Tuesday, June 16, 2009

Thanks for the prayers

My friend and coworker Patty lost the battle this morning.  The last time I spoke to her, she told me that she could tell that people were praying for her.  Now, she's pain free and at peace.  Thanks for praying, and continue keeping her husband and boys in your thoughts.

Monday, June 15, 2009

Prayers, please

Prayers if you pray, good thoughts if you send them.

I love you, Patty.  God bless your sons, Cameron and Brett, and your husband, Ben.

I love you, guys.  God's blessings on you all.

Tuesday, June 9, 2009

Where I've been

Work is busy and crazy.  I'm making it, though.

Jim and Lyndsay are in town.  I go to Mom and Dad's after work each day to see them and hang out.  It's a blast, but I'm not online much.  I'll be back.

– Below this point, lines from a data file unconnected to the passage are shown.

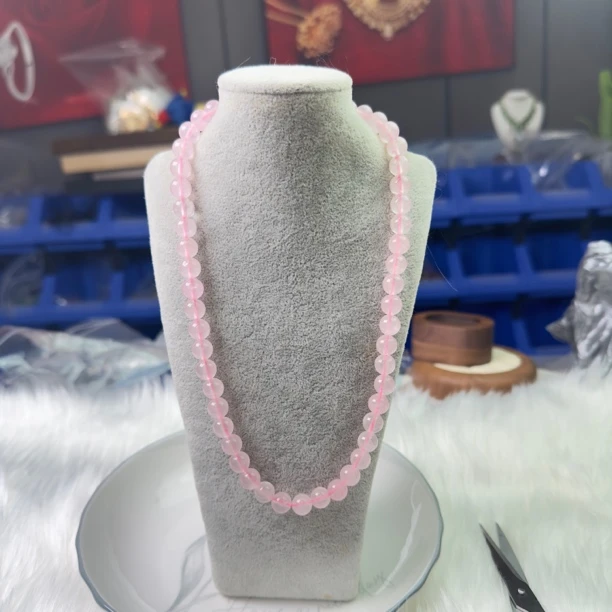 天然水晶粉水晶项链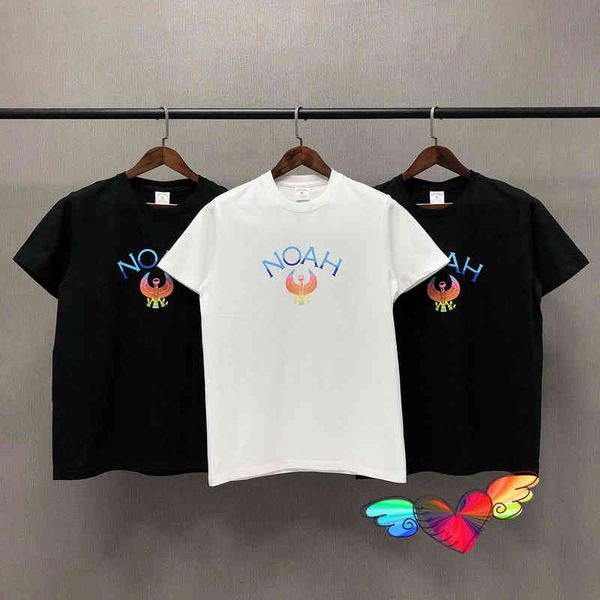 

noah t-shirt 2021s men women color bird text print short sleeve cross teet220721, White;black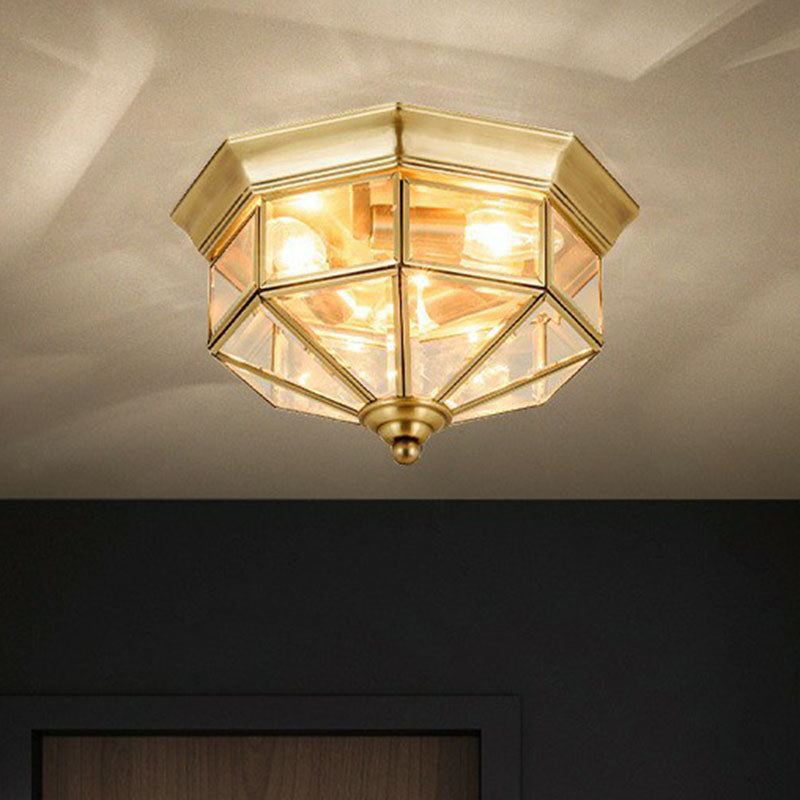 Antique Glass Octagonal Flush Ceiling Light - 3 Bulb Brass Finish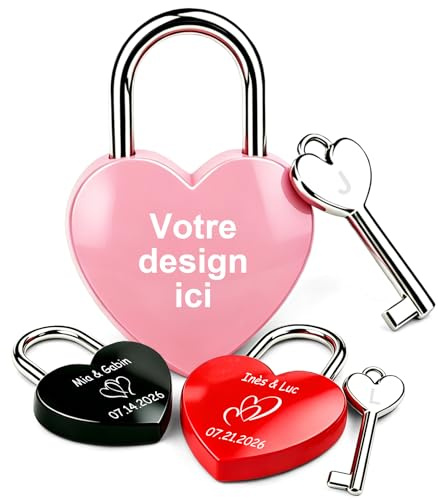 Personnalisé Cadenas d'Amour Cœur avec Photo Gravure Texte et Clé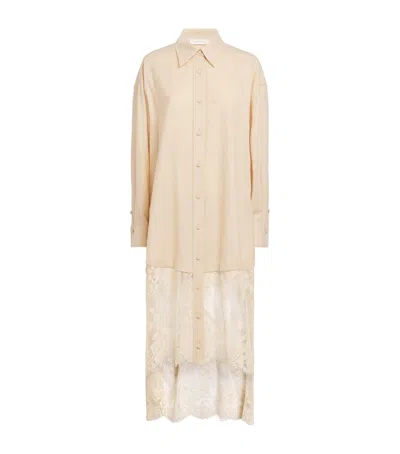 Zimmermann Wool Valiant Lace Shirt In Neutral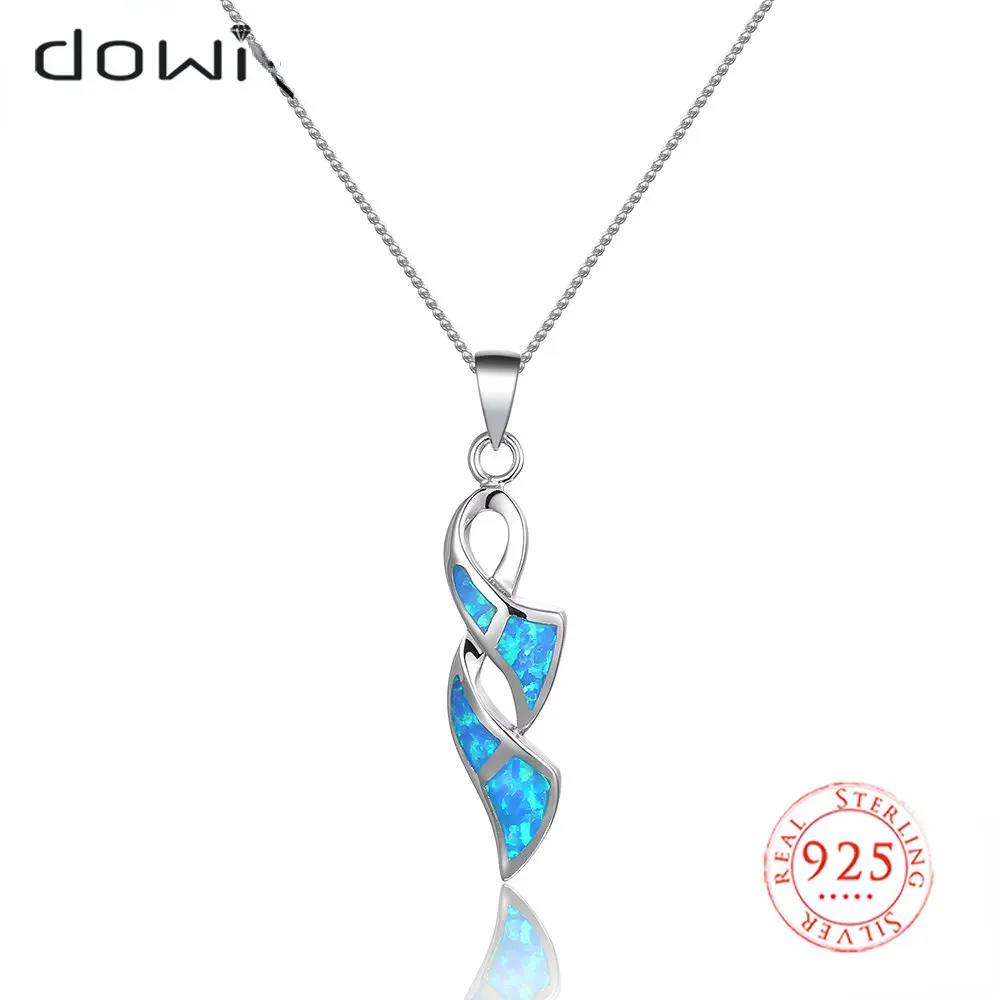 

Dowi 925 Sterling Silver Simple Geometry Opal Pendant Necklace for Women collar Sterling Silver Jewelry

Life is good.  I'm just busy enjoying summer.  I love summer.

3 1/2 days until the PARTY!

Friday, June 5, 2009

Day off

What an awesome day to take off!  The weather is beautiful.
I saw Mom and Dad for bit, and kissed Kevin goodbye.  He's going to Carthage to pick up Monica.  They'll be home tomorrow.
I came home to do a load of laundry, but decided it was too nice outside to stay in.
Went back to see what Dad was up to.
Drove to Independence (PetsMart) to get a plecostomus for aquarium 2.
Picked up Natalie from school.
Checked on Dad again.  Yeah, I know.  It's where I like to be.
Gathered some firewood.  OK, stole it from the pile by Mom's cabin.
Drove to Lexington for McD's.
Built a fire to light later.
A good day, indeed.



Thursday, June 4, 2009

So dang tired.

I am happy to announce that I have a vacation day tomorrow.  I have a three-day weekend, and I deserve it, darn it!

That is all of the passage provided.